LabCorp Cheats Medicare, Costs Billions, Whistleblower Suit Alleges

Whistleblower Suit Alleges Lab Company Cheats Medicare, Costs Billions

President Obama recently announced plans to cut $320 billion in Medicare and Medicaid costs, but one whistleblower says to cut costs, the government should focus on curbing lab industry kickbacks he believes defraud taxpayers of billions of dollars.

A recently unsealed federal complaint inching through New York's Southern District Court alleges that Laboratory Corporation of America -- one of the largest providers of medical laboratory testing in the U.S. -- violated the federal False Claims Act by providing kickbacks to UnitedHealthcare in the form of highly reduced prices on tests.

In return, it alleges, UnitedHealthcare induced its in-network providers to send Medicare-reimbursable tests its way. Further, LabCorp became UnitedHealthcare's exclusive in-network lab in 2007 -- a contract that was recently renewed.

The complaint charges that LabCorp provided for "commercially unreasonable" prices on tests that were a third to half of those paid by Medicare, and that this constitutes remuneration paid to UnitedHealthcare in order to induce it to "arrange for" or "recommend" its in-network providers send Medicare tests its way.

The suit alleges that LabCorp believed the contract, including the expected "pull-through" business, would generate additional revenues of $3 billion.

"If, for example, I sell you something for $8 that costs me $15, why am I doing that? For another reason. It's to garner Medicare business," said lab executive Andrew Baker, whose NPT Associates brought the suit on behalf of the government. "The lab industry is basically using Medicare to make money, and they are willfully doing it."

According to allegations, LabCorp execs openly acknowledged the scheme: Higher-ups indicated the company would "lose its shirt" if it didn't capitalize on the opportunity to obtain United's Medicare business.

The suit claims the lab company agreed to pay up to $200 million in the first three years of the contract in order to cover any costs UnitedHealthcare might incur in making such "arrangements" or "recommendations." LabCorp did not return requests for comment and a representative for UnitedHealthcare, which is not a defendant in the suit, said the company was unable to comment on active litigation.

Jim Sheehan, former Medicaid inspector general in New York, said that if litigation continues, LabCorp might well say that the kickbacks are not illegal, and assert that the suit includes no proof of quid pro quo.
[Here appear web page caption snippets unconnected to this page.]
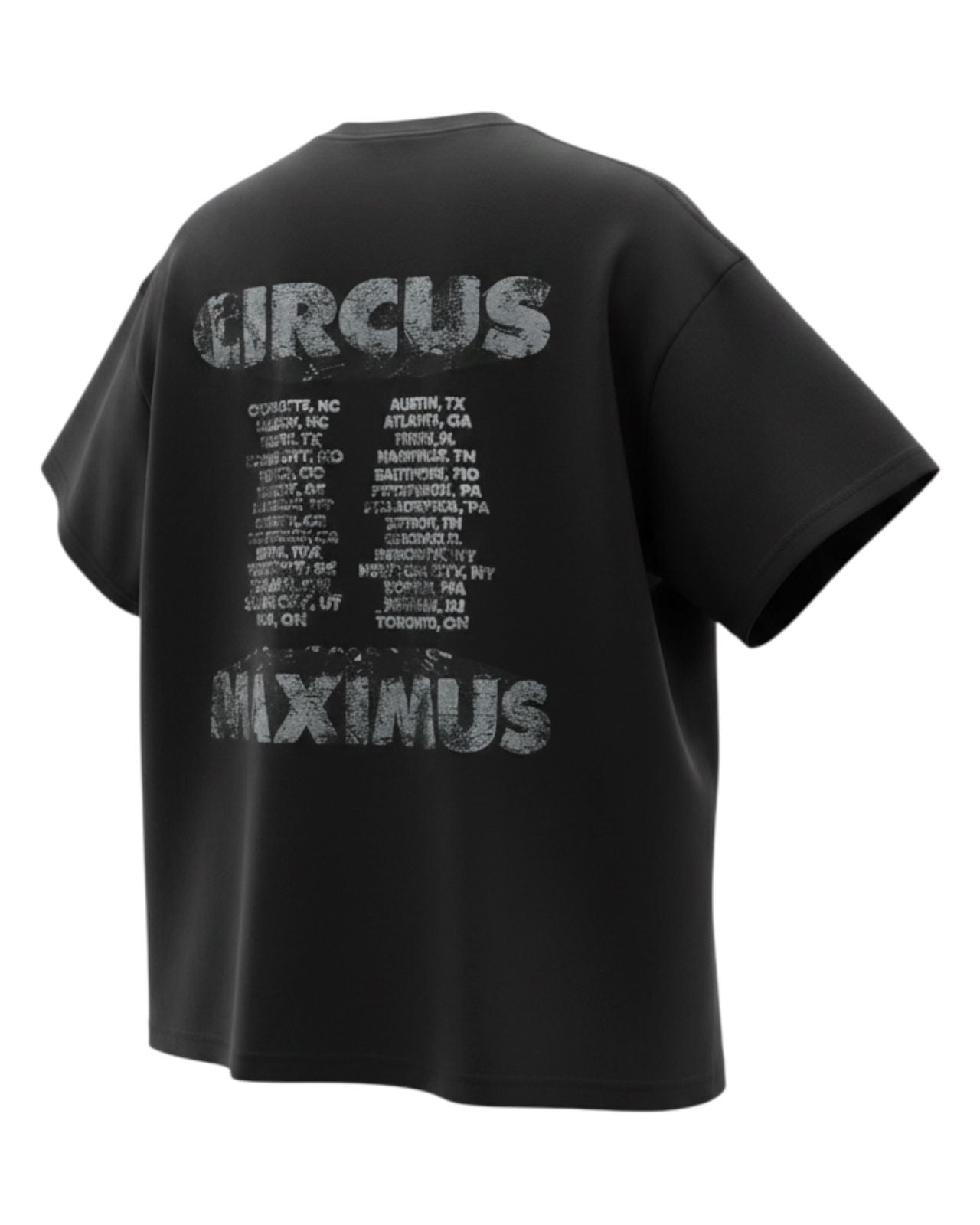 TRAVIS SCOTT UTOPIA CIRCUS MAXIMUS 2023 TOUR II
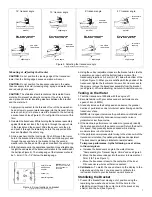 Preview for 3 page of Airmar TM185HW Owner'S Manual And Installation Instructions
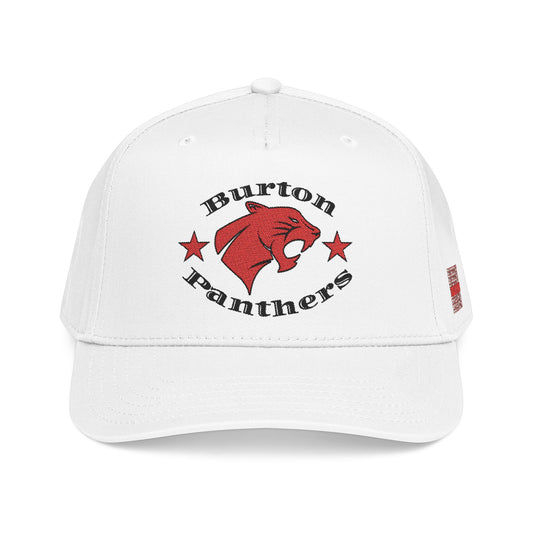 Burton Panthers Classic Mid Profile Baseball Cap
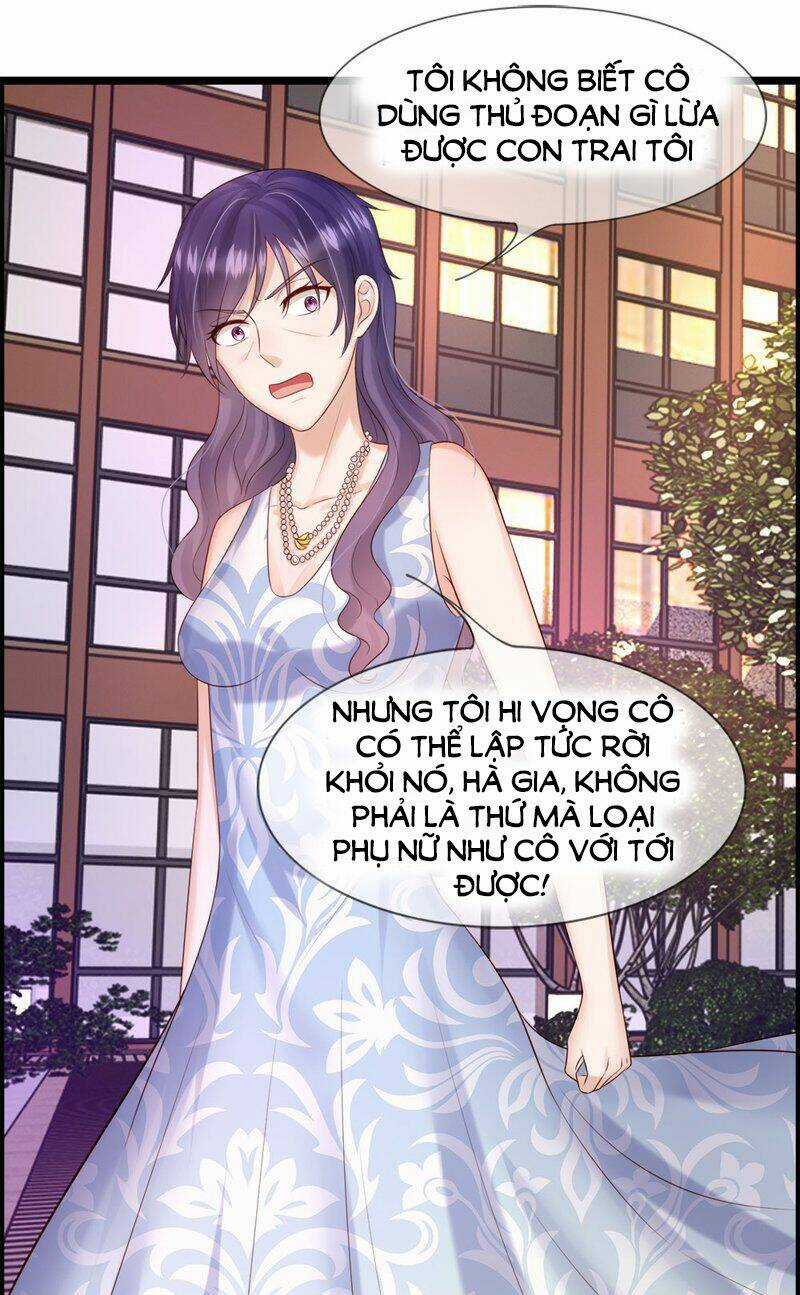 Ẩn Hôn Mật Ái: Cô Vợ Nhỏ Của Tổng Tài Tàn Nhẫn Chapter 29 trang 19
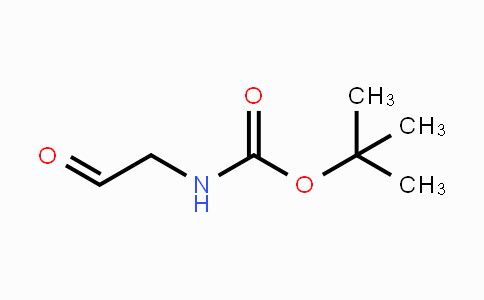 CAS No. 89711-08-0, tert-butyl N-(2-oxoethyl)carbamate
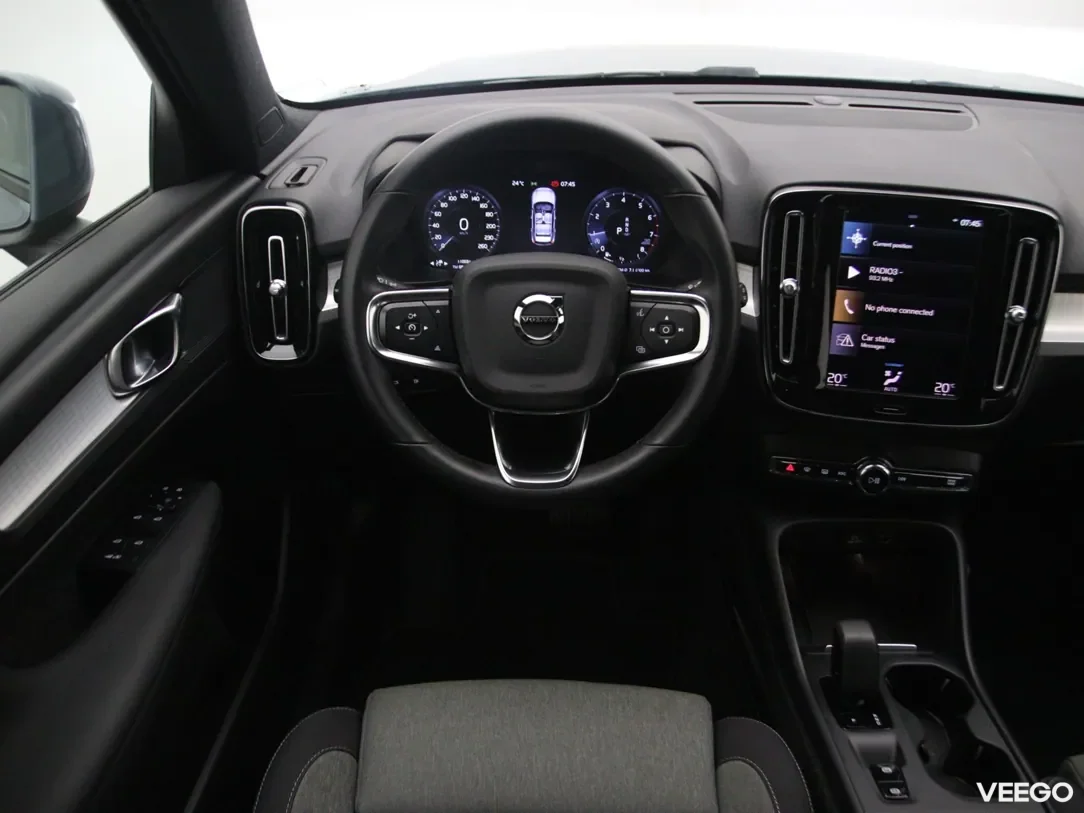 Volvo XC40 1.5 95kW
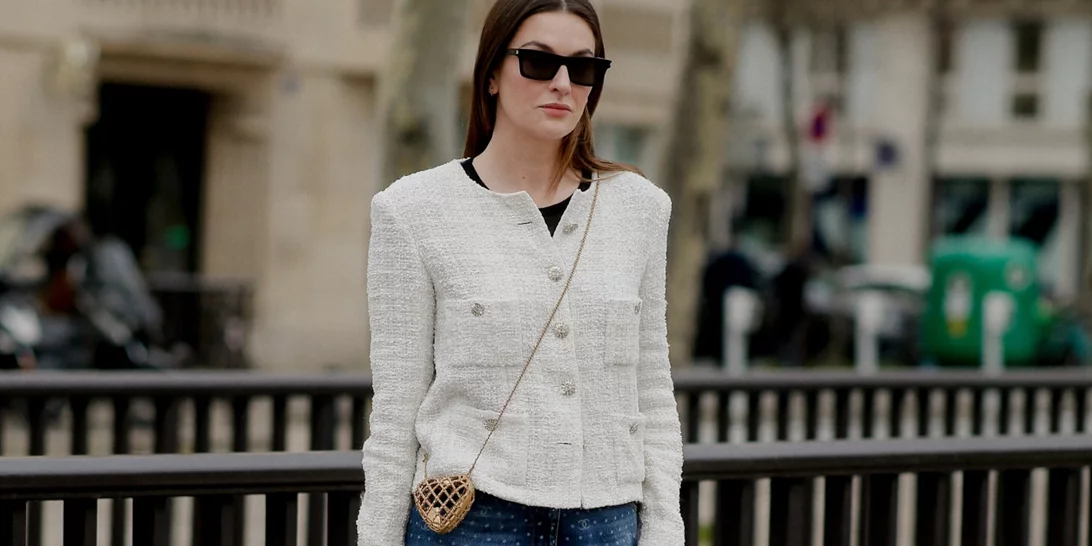 Στην Η&Μ ανακαλύψαμε τα σακάκια που θα σε κάνουν να μοιάζεις με κομψή Παριζιάνα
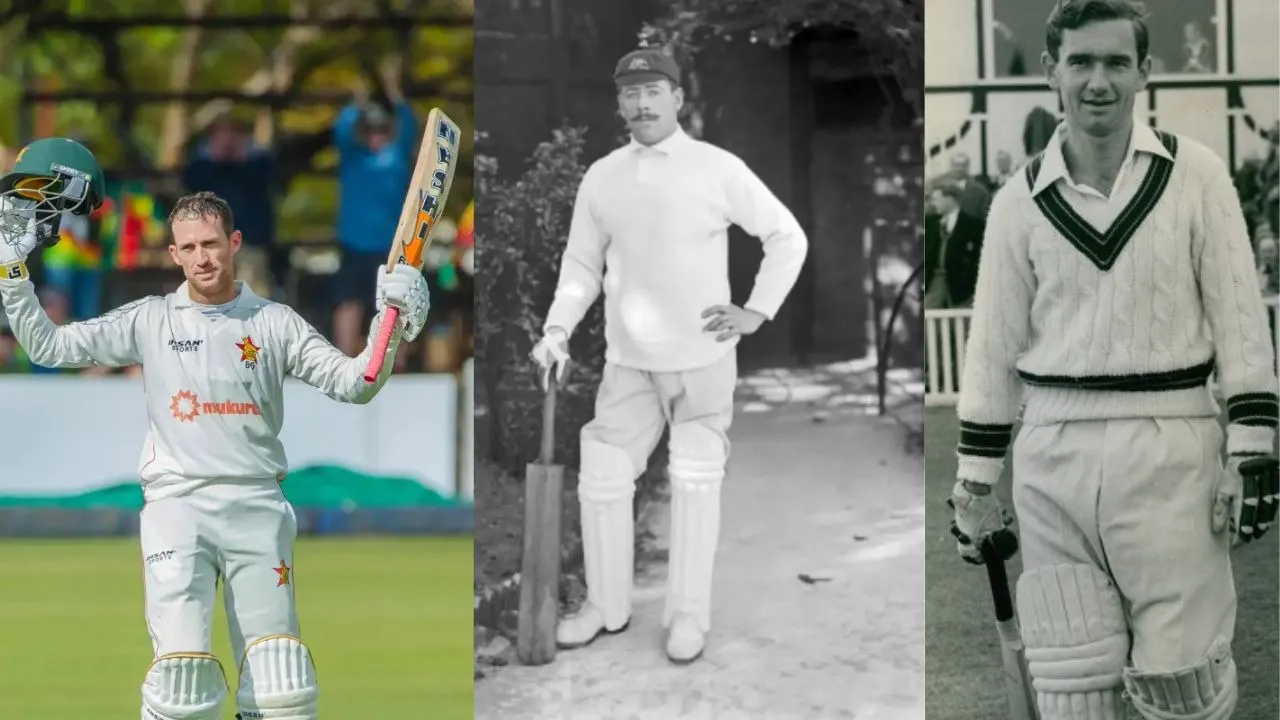 test cricket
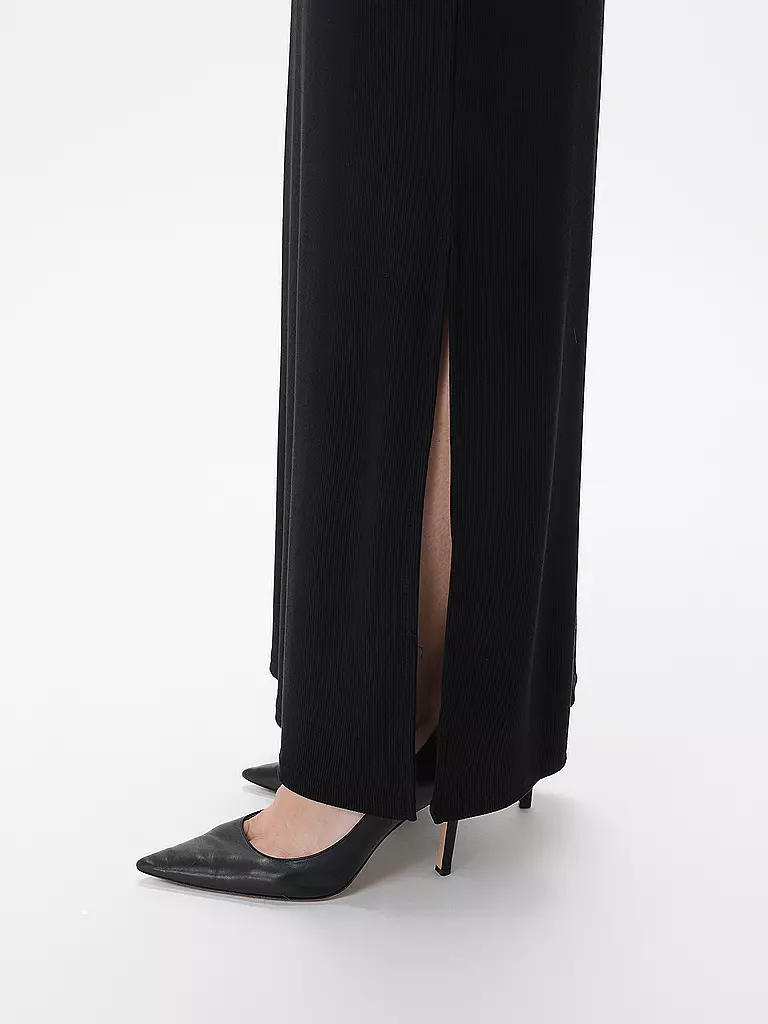 KARO KAUER | Midikleid | Negro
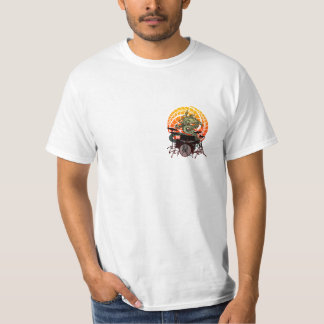 T-shirt Dragon Drum 04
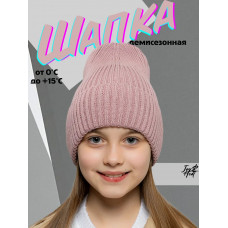 Шапка демисезонная для ребенка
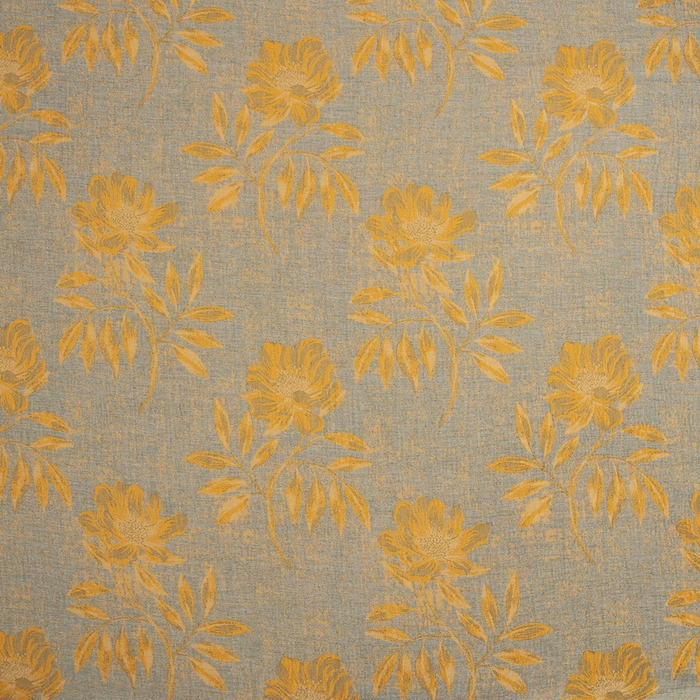 91家纺网 家纺一手货源 找家纺 鲁爱家纺供货 2025新款全棉色织双层纱纽扣款四件套 国色天香-栀子黄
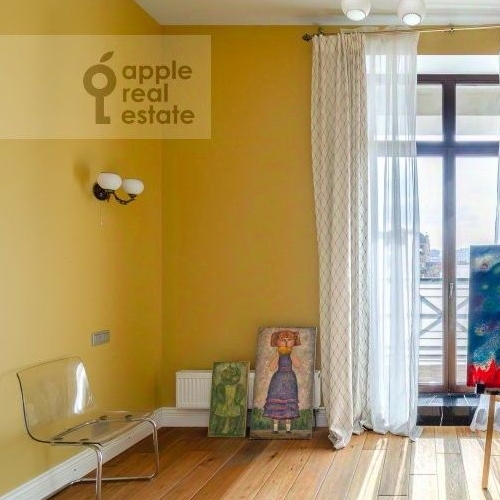 3-комн квартира улица Малая Полянка, 2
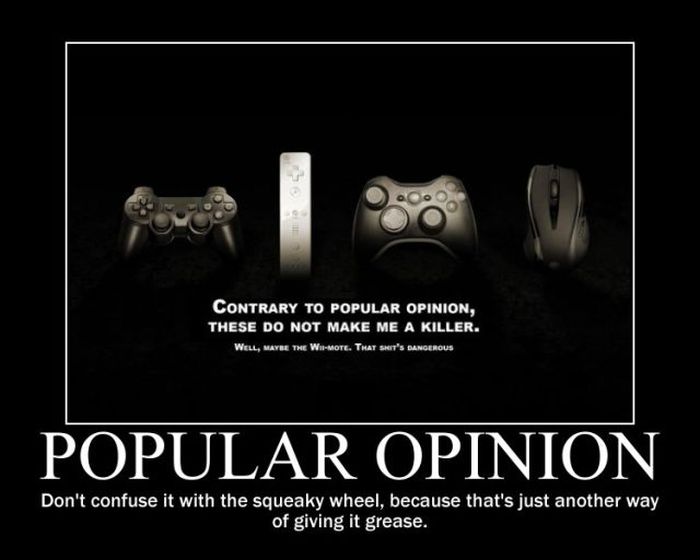 Funny Demotivational Posters (32 pics)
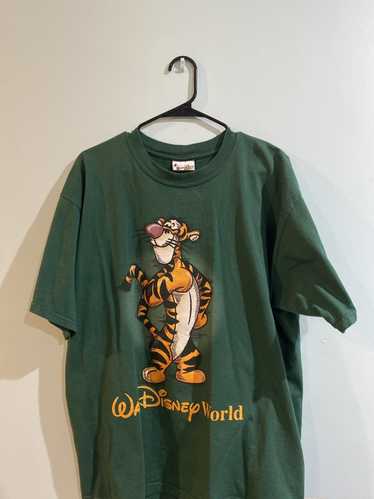 Disney Vintage 90s Walt Disney World Tigger T Shir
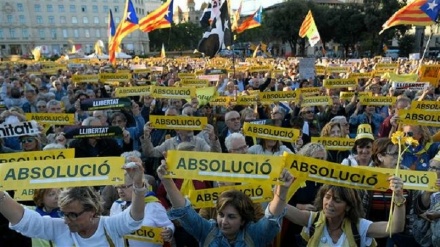 Catalan separatists' rebellion trial closes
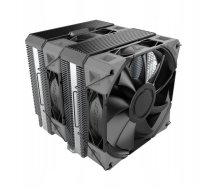Montech NX600 Black CPU Cooler CPU Cooler ( 4710562748192 CPMT-008 NX600 (B) ) procesora dzesētājs ventilators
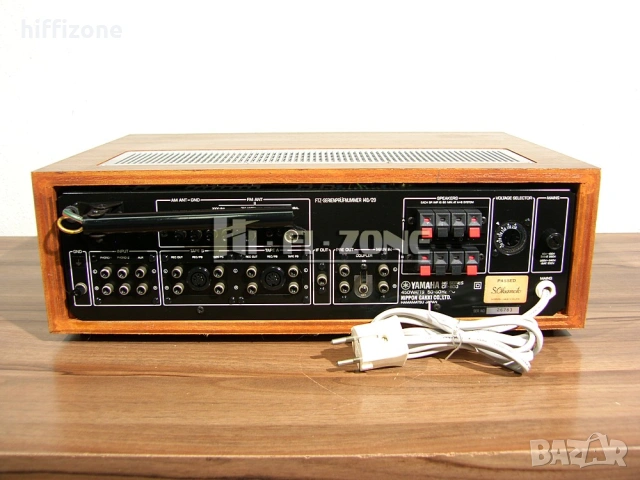 Ресивър   Yamaha cr-800 , снимка 6 - Ресийвъри, усилватели, смесителни пултове - 54088956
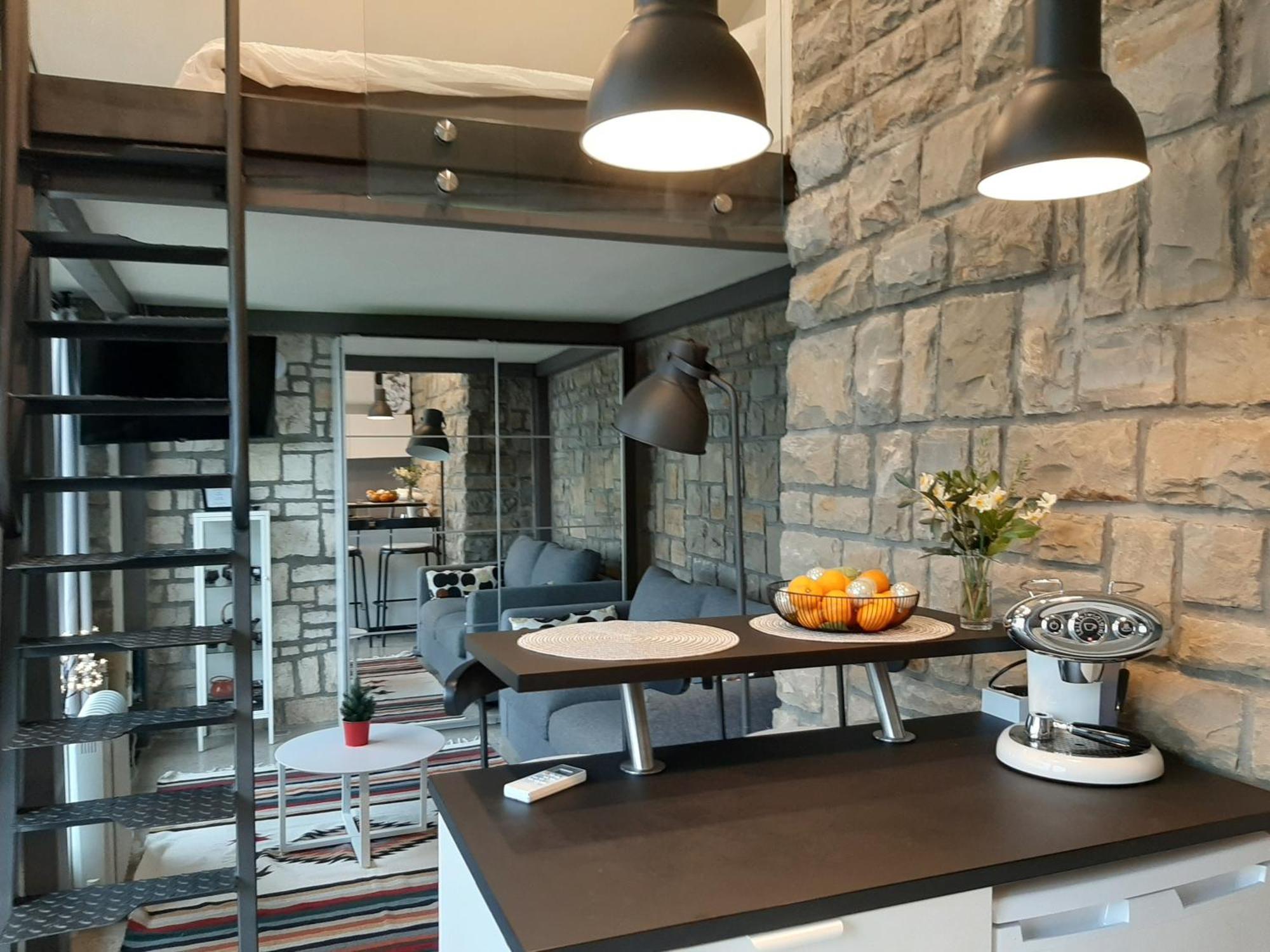 Studio Solare Portoroz Ngoại thất bức ảnh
"That's what the argument could be," he said. "That this is just a normal commercial interaction. 'We enter into contracts all the time, we hope for referrals -- family doctors don't like to have two boxes outside their doors for tests, they want one.' So 'we hope,' but 'we don't induce.'"

But Baker is convinced of the case's strength, saying he is "encouraged" by recent settlements he sees as similar in their substance.

This summer, the California state attorney general announced a $49.5 million settlement with LabCorp after allegations that it, and other labs, had overcharged the state's Medicare program while providing kickbacks to doctors, hospitals and clinics that referred MediCal patients. In May, the attorney general settled with Quest Diagnostics for $241 million in what a press release describes as the same alleged practice.

What Baker wants to know now is whether the Department of Justice will join him. In August, a federal district court judge unsealed the amended LabCorp complaint after the DOJ filed a notice indicating it had not yet decided.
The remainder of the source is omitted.